Increasing evidence indicates that limited intervention at the scene allows trauma patients to receive definitive care at a trauma center more rapidly. This study indicates that prehospital spine immobilization is associated with increased mortality in patients with penetrating trauma. Trying to assign cause and effect in a retrospective study is risky, but possibly increased scene time or interference with later care (e.g., intubation, radiography, examination of the patient's back) contribute to worse outcomes. Spine immobilization might be applied more wisely to patients with altered mental status, spine tenderness, or sensorimotor dysfunction.

Citation(s):

Reader Comments (2)

Robert R. Cesario

Although the comments made about prehosital care providers (EMS), and spinal immobilization for patients who have penetrating trauma to the head, neck, or torso without neurological symptoms or deficit is generally true, that is not the case in many areas, particularly in Southeast Michigan. Our protocol driven system uses criteria to safely rule out the need for spinal immobilization when a mechanism of injury exists. If the patient is neurologically unaffected, has no loss or altered level of consciousness, extremity fracture, or spinal tenderness of any kind, the immobilization can be withheld. I hope this information is helpful.
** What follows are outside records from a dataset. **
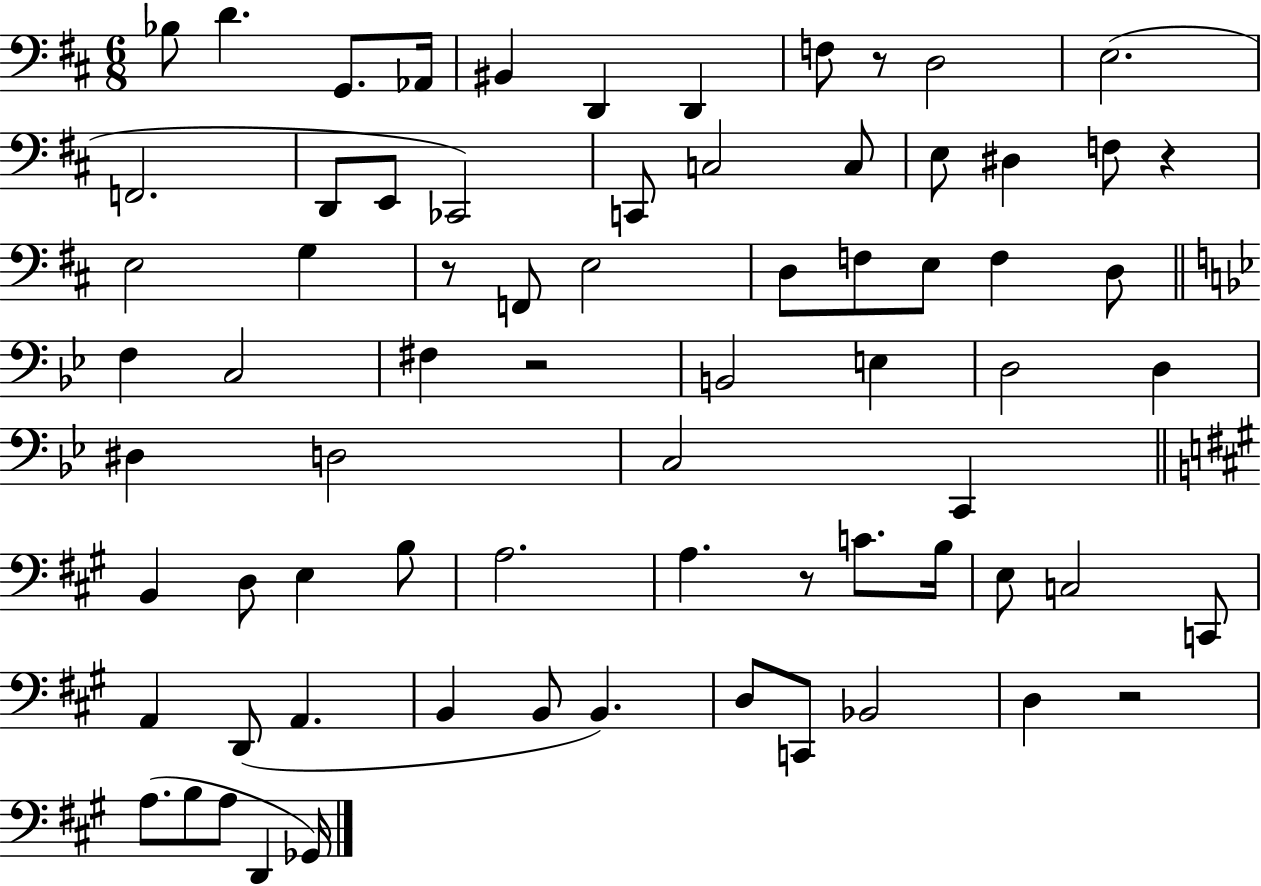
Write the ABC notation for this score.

X:1
T:Untitled
M:6/8
L:1/4
K:D
_B,/2 D G,,/2 _A,,/4 ^B,, D,, D,, F,/2 z/2 D,2 E,2 F,,2 D,,/2 E,,/2 _C,,2 C,,/2 C,2 C,/2 E,/2 ^D, F,/2 z E,2 G, z/2 F,,/2 E,2 D,/2 F,/2 E,/2 F, D,/2 F, C,2 ^F, z2 B,,2 E, D,2 D, ^D, D,2 C,2 C,, B,, D,/2 E, B,/2 A,2 A, z/2 C/2 B,/4 E,/2 C,2 C,,/2 A,, D,,/2 A,, B,, B,,/2 B,, D,/2 C,,/2 _B,,2 D, z2 A,/2 B,/2 A,/2 D,, _G,,/4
Competing interests: None declared

Kevin A Klassen

How can the authors make any conclusions when there is no control group of patients who did not get spinal immobilization? Considering almost all major trauma patients end up with cervical immobilization, I would question the credibility of saying someone with the same Injurity Severity Score was a good control if they did not require immobilization.